Records from a collection:
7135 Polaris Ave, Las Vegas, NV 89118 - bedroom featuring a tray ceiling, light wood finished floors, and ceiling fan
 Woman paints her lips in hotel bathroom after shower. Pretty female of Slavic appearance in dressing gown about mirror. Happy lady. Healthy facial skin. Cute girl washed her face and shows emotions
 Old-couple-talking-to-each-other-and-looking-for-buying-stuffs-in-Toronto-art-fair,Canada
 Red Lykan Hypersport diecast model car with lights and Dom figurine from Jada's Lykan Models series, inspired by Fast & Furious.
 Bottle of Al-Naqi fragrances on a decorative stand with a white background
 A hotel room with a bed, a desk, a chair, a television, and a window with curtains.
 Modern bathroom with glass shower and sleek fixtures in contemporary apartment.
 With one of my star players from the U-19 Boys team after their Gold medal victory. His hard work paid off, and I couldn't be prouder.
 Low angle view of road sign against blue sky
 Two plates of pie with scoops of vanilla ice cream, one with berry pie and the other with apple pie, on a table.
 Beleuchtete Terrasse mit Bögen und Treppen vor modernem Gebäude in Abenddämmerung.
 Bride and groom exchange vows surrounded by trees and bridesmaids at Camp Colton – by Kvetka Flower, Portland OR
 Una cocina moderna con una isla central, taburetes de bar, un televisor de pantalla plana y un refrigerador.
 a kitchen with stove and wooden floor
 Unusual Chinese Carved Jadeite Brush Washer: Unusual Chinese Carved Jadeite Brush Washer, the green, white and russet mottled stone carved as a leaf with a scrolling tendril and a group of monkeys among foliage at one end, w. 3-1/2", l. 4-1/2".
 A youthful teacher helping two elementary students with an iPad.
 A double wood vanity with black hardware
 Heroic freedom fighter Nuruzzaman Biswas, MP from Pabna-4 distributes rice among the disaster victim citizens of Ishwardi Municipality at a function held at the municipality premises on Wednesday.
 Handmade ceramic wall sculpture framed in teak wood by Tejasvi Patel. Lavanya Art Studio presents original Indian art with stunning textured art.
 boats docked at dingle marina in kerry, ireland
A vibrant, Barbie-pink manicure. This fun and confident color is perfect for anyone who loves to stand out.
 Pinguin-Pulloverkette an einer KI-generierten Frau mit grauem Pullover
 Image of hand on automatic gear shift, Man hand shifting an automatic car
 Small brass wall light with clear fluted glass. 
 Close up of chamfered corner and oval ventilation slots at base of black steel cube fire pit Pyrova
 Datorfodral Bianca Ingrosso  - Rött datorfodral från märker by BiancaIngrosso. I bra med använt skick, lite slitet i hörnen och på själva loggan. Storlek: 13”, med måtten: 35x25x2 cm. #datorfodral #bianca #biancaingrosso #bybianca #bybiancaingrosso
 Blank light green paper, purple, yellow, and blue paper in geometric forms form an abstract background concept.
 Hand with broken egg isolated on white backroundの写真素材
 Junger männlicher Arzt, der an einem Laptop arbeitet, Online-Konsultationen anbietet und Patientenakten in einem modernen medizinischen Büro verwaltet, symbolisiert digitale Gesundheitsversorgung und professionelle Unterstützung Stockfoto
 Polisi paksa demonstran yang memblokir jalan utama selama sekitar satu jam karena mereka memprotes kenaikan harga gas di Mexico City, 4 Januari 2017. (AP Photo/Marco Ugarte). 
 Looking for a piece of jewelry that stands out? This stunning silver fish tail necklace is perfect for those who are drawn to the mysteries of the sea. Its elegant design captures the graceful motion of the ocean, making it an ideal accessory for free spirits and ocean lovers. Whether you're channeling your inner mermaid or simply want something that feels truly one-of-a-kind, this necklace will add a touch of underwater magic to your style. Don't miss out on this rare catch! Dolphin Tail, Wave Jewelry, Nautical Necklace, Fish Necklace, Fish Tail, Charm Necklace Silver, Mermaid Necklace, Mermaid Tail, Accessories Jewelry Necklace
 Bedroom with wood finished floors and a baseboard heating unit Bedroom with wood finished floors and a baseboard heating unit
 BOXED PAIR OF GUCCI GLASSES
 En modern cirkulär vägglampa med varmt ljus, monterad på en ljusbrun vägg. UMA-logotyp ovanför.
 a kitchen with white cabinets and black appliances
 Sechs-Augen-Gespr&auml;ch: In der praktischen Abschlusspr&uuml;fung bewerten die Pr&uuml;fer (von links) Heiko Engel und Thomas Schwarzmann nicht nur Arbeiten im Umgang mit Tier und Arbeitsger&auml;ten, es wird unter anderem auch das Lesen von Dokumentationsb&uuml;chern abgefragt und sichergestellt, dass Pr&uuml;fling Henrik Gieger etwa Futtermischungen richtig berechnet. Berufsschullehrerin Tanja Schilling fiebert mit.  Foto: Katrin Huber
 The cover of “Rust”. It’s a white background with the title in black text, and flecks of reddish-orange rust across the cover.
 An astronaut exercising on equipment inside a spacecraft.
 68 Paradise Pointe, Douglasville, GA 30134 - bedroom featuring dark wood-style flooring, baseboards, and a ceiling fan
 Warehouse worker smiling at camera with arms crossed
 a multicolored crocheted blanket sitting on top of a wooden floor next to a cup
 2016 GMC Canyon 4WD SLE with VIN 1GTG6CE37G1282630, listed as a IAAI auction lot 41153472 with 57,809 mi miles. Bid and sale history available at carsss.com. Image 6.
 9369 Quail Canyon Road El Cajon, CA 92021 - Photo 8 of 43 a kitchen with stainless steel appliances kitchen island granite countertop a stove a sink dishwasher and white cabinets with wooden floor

About this exercise:
Please transcribe only the lines in the records above running from the line that has "Una cocina moderna" through the line that has "A youthful teacher", both included, exactly as they appear.

Result of the task:
 Una cocina moderna con una isla central, taburetes de bar, un televisor de pantalla plana y un refrigerador.
 a kitchen with stove and wooden floor
 Unusual Chinese Carved Jadeite Brush Washer: Unusual Chinese Carved Jadeite Brush Washer, the green, white and russet mottled stone carved as a leaf with a scrolling tendril and a group of monkeys among foliage at one end, w. 3-1/2", l. 4-1/2".
 A youthful teacher helping two elementary students with an iPad.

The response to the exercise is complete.